1978年生まれ。多摩美術大学卒業後、クリエイティブエージェンシーを経て株式会社ベンチを共同で起業。コミュニケーションプロデューサーとして、ブランド開発やプロモーション戦略、ビジネス開発、コミュニティ運営などを行っている。

横石さんのとっておきソフト

Evernote

【開発】Evernote
【価格】無料
【カテゴリ】Mac App Store>仕事効率化

マルチデバイス対応のコミュニケーションツール。2013年のサービス開始以降、開発者・エンジニアを中心に人気を呼んでいます。チャンネルによるグループ分け、豊富な連係機能などが特長です。

人脈管理にソフトを活用

クリエイターを発掘、育成し、ともにプロダクトや広告、キャンペーンなどの事業を行う会社「ベンチ」。ブランディングと採用の両面から企業活動をサポートできる稀有な会社として、さまざまなオファーが殺到しています。にも関わらず、ベンチの社員はわずか2人。これは2012年の起業当時から変わっていません。同社の横石崇さんは、イベントやキャンペーンの企画運営から人材育成まで幅広く手がけるプロデューサーです。仕事柄、打ち合わせや現場に足を運ぶことが多く、会社にいる時間はほとんどないそうです。
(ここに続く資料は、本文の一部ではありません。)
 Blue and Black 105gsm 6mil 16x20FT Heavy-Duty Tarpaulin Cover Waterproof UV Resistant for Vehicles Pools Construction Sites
とにかくたくさんの人と毎日のように顔を合わせる横石さんですが、意外なことに人の顔を覚えるのが苦手なのだそう。本人は頭をかきながら「プロデューサー失格ですよね(笑)」と苦笑い。そんな横石さんのビジネスを支えているソフトがエバーノートです。

同ソフトは、テキストや画像、音声など、あらゆるファイルを保存しておけるクラウドサービスで、登場以来多くのユーザに愛されてきました。「記憶装置」としての明確なコンセプトを持つ一方で、何をどう保存するのかはユーザに委ねられており、人によって使い方が異なるのもエバーノートならでは。横石さんの主な使い方は人脈管理です。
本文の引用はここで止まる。